Waiting for the Big Snow

The weather reports keep pushing the start of snow here out by an hour at a time. I hope it misses altogether. So far just intermittent drizzly rain. The other day I walked the dam. It was lovely to be out there after a workout at the gym.

Near the car park.

At the place I turn around to head back.

And the downed trees cleared off the path.

Lots of time to draw in the Bird Stories book.

A rock pigeon. Lots of them under the pier at the dam.

And a starling to finish off the four sides of rusted pages.

I think I should do a whole page of bird legs and feet to get more practice in. I did all the carving on the owl wood block. At least I think this is all.
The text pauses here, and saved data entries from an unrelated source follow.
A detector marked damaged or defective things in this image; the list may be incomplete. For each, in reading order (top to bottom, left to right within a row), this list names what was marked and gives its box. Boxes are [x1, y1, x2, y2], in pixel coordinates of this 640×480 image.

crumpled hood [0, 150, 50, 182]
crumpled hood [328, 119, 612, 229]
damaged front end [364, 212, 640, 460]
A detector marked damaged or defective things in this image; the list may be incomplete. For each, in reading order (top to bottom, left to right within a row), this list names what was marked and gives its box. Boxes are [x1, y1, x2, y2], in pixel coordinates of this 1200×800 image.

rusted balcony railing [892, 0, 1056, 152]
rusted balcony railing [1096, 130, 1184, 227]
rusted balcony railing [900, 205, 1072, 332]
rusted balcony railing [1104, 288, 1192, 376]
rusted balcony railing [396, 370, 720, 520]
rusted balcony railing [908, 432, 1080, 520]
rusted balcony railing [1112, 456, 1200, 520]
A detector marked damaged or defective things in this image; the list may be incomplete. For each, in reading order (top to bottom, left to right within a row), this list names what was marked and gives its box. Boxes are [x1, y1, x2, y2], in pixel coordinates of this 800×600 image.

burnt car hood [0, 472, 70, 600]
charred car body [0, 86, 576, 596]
I am intentionally leaving some vertical marks in the background to add atmosphere.

Looking at these photos I think a bit more black carved away on his face.

Yes, definitely, now that I am looking at this full view. His face and a bit more of his body needs lightened. The knot in the wood will have to be ground out because it resists my carving tool. Later this afternoon I might go back to it.
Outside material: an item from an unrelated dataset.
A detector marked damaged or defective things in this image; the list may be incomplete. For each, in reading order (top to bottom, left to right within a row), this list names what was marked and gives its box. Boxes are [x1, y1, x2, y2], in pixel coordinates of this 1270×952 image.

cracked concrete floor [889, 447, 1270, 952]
When I got this far I decided not to do an inking up to test it until I invested in a new brayer. All the other ones I have are cheap ones and no wider than four inches. Which means I have to roll over several times in different directions to cover the block. I went online to McClains printmaking supply and ordered a new Japanese brayer that is a bit over eight inches wide. Nothing quite like Japanese printmaking tools for wood blocks.

I just now spent the last half hour or more looking at wood block printmaking online. Some blocks took three years to carve and it is reflected in the finished print. I am not at that place where the perfection is most important. What appeals to me about the wood cut over wood engraving and linoleum block printing is the mark of the wood itself. It is a less perfected image and more obviously made by taking tools to wood. There is a simplicity and direct communication from a pine board and carving tool. The images I saw were either extremely well done or super simplistic. Not much in that in-between range of wood cuts associated with early printmakers. But not Japanese…those are beyond perfection.

I got my confidence back up before going back at it by typing in “white line printmaking”. I felt chuffed seeing my name come up fairly often in that category of block printing. I can do this. I can get this owl right….or at least right enough.

Til later…

Working on the Wood Block

Very cold this morning. I tried going for my walk at the river but turned back about a third of the way upstream. The river is rising slowly.

On the way back to the car the sun broke the horizon. But I was committed to getting a latte to take home by then and checking in with the cleaning lady.

I also wanted to do a catch up on my grey owl woodcut. The drawing was finished and then transferred to the block.

Lots of pencil work on each side of the kozo paper. Then using a felt tip marker to put the blacks in. I need to do this to actually see how it might look and give me a clear idea of where to carve.

Then a start on the carving. Getting the whites cut first on the face.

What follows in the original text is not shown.